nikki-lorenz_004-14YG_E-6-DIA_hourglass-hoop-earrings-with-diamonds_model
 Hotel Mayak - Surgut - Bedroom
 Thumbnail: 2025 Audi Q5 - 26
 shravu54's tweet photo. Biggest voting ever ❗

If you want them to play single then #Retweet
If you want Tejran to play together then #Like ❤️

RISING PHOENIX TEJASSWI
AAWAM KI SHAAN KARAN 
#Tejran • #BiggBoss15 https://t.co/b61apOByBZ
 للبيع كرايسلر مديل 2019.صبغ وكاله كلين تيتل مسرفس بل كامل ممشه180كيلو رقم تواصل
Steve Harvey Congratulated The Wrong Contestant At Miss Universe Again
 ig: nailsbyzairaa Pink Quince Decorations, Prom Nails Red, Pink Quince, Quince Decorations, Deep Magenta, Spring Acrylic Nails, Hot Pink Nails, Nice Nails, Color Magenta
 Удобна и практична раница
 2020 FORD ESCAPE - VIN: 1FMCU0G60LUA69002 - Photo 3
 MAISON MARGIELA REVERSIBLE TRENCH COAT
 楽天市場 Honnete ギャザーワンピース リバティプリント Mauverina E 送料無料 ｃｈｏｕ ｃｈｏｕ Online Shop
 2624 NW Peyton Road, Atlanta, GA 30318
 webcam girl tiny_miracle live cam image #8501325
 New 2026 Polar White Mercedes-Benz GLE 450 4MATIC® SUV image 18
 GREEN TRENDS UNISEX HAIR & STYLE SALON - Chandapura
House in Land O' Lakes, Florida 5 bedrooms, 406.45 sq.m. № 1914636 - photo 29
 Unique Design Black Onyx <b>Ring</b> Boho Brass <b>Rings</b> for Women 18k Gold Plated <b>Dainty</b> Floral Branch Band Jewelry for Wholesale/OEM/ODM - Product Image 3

⁂

| EXERCISE INSTRUCTIONS |
Give the number of lines in the listing that hold "then", with no other words.

| RESULT OF THIS TASK |
2